Twitter filed the petition challenging the blocking order issued by the Federal Ministry of Electronics and Information Technology under § 69A of the Information Technology Act, in which the Ministry set out several consequences of non-compliance with a series of blocking orders. These included initiating criminal proceedings against the company’s Chief Compliance Officer and removing Twitter’s “safe harbour” immunity, a protection statutorily afforded to all online intermediaries operating in the country under § 79(1) of the Information Technology Act.
§ 69A of the Information Technology Act permits the Central government the authority to issue information blocking orders to online intermediaries on the grounds of “sovereignty and integrity of India, defence of India, security of the State, friendly relations with foreign States or public order or for preventing incitement to the commission of any cognizable offence relating to above.”

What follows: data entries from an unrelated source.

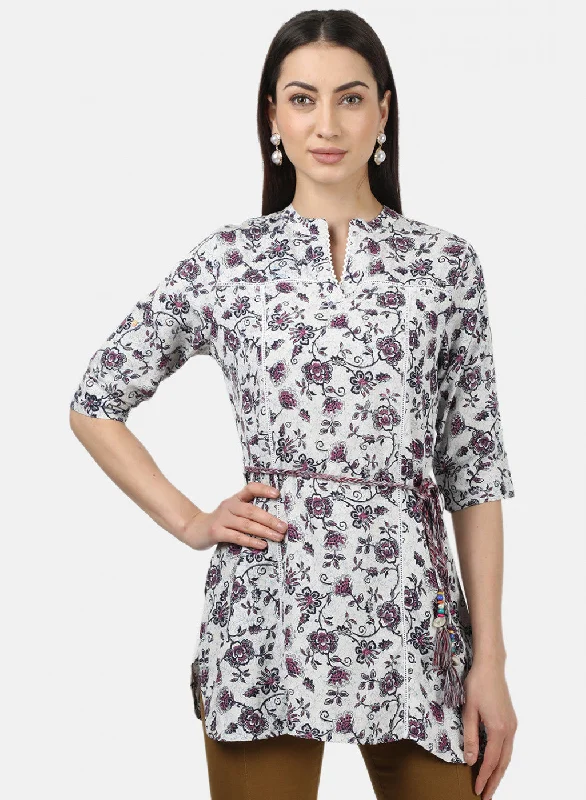 Closeout Sale Womens Purple Printed Top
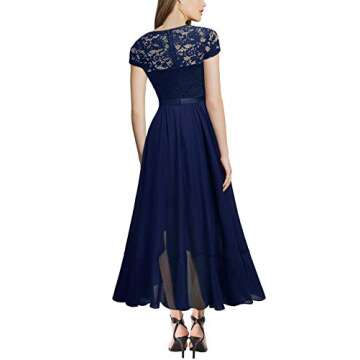 Miusol Women's V Neck Elegant Lace Ruffle Bridesmaid Maxi Dress (Medium, Navy Blue)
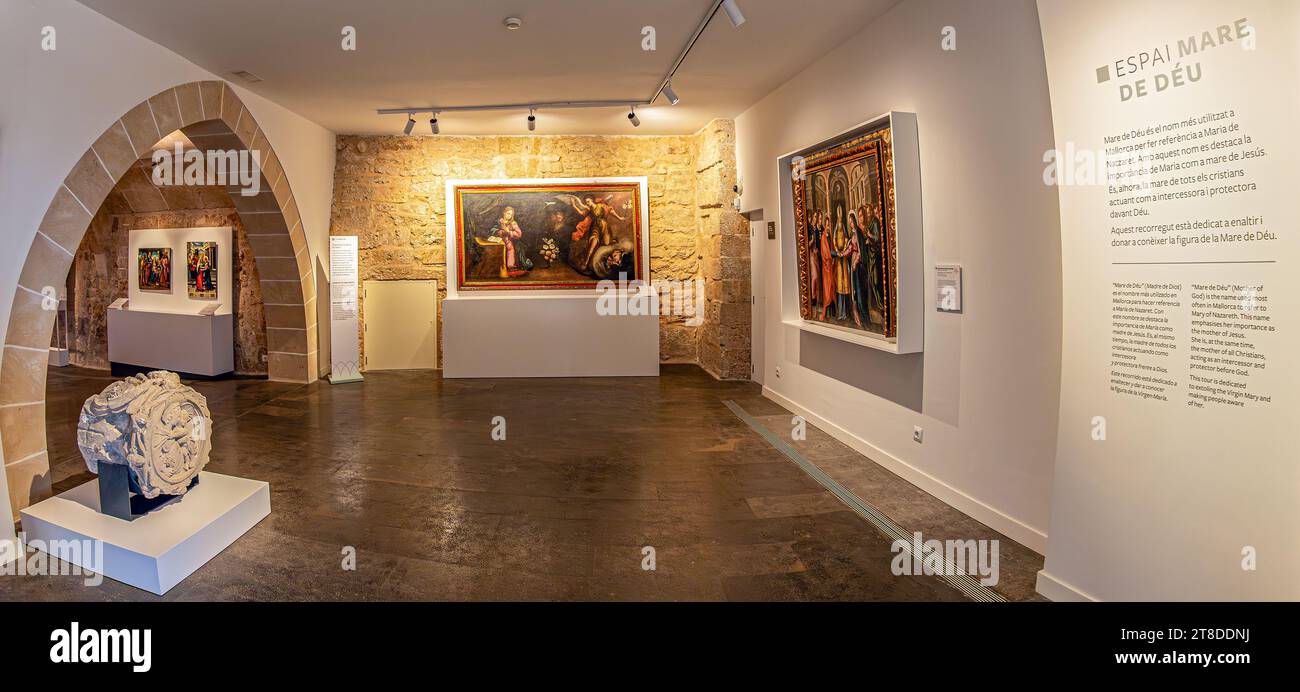 PALMA, SPAIN - SEPT. 20, 2023: Inside of the Museum of Sacred Art of Mallorca (Museu Diocesà de Mallorca), in Bishop's Palace, a building from the 13t Stock Photo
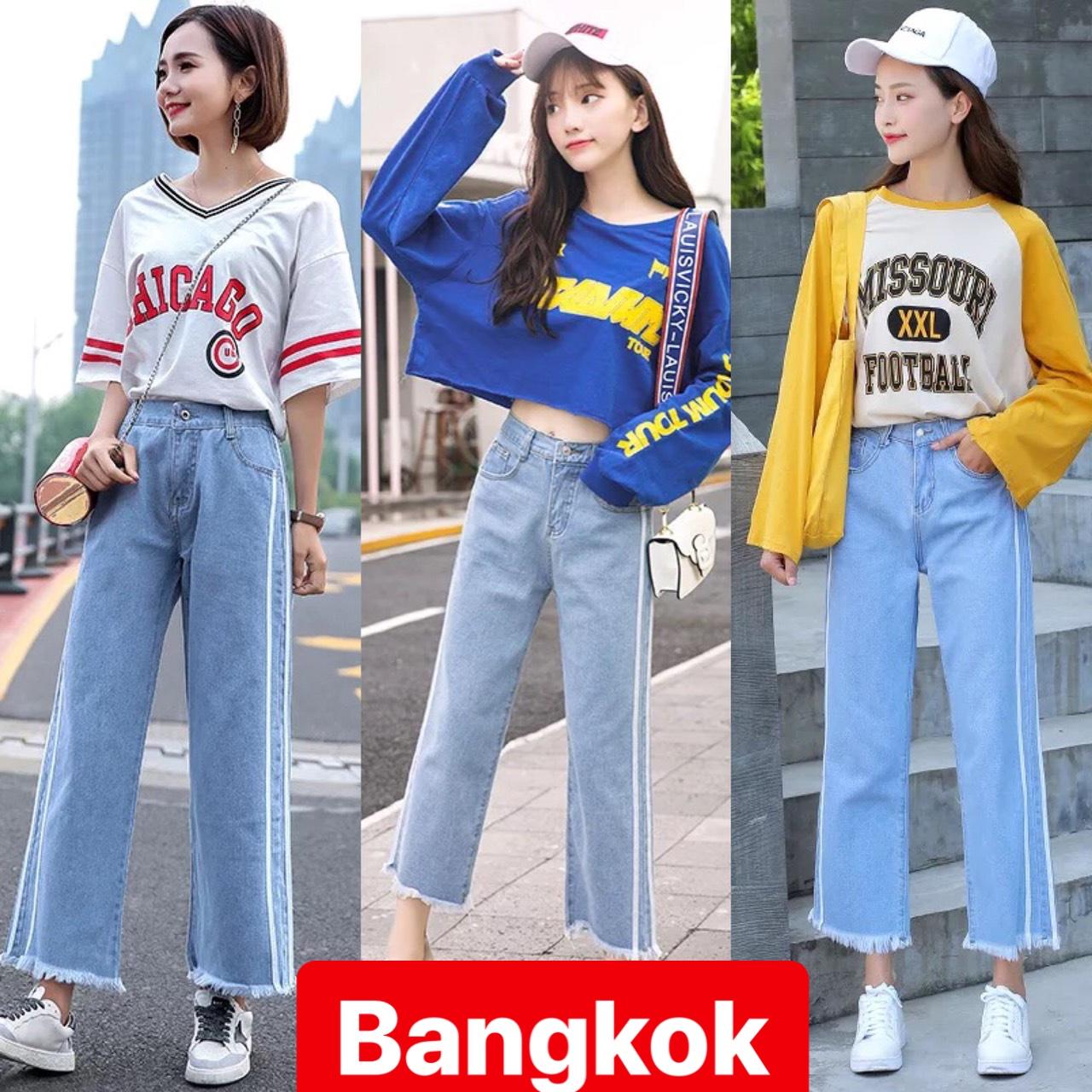 QUẦN JEAN BAGGY NỮ CHẤT BÒ XANH NGỌC ỐNG LOE 2 SỌC LƯNG CAO NÂNG MÔNG TREND MỚI THÁI LAN BK 39 - TÝ GOLD 2020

Twitter contended in its petition that information blocking orders were both “procedurally and substantially deficient of the provision” and “demonstrate excessive use of powers and are disproportionate.” The primary contention was that the Ministry failed to provide the grounds for the blocking to be conducted, nor reasons in support of them which are in contravention of S. 69A as well as the previous jurisprudence of the Supreme Court in Shreya Singhal v. Union of India. Further, they submitted that blocking orders violates free speech under Article 19 of the Constitution and demonstrates an excessive, disproportionate and arbitrary use of powers. Also argued by the petitioners was that blocking the entire handle of the user instead of individual tweets would be disproportionate and affect the platform’s business.
The court rejected Twitter’s arguments that the Ministry was bound to provide reasons to the users of the accounts, stating:
I am of the considered opinion that notice to users of account in terms of Rule 8(1) of the Website Blocking Rules is not mandatory and that in any event, the absence of such notice does not avail to the intermediary as a ground for assailing the Blocking Orders.
The court also rejected the disproportionality argument, accepting the Central government’s argument that differentiating the innocuous tweets and offending tweets would be both “impracticable” and “not serving the statutory purpose,” relying on the jurisprudence laid down in Anuradha Bhasin v. Union of India. The court refused to lay down guidelines for the Centre to exercise its powers under Section 69A, terming it “judicially unassessable” by relying on the doctrine of separation of powers. The bench refused Twitter’s request to stay the operation of the order and declared the petition as “devoid of merits,” and dismissed it.
This development is the latest in a series of legal conflicts between the popular social media platform and the Ministry of Electronics and Information Technology over Twitter’s alleged non-compliance with several online information blocking orders and comes weeks after Twitter’s ex-CEO claimed that India threatened to shut down the platform in the country and raid the homes of employees, a statement that Indian Deputy Minister for Information Technology Rajeev Chandrashekhar has called a “lie.”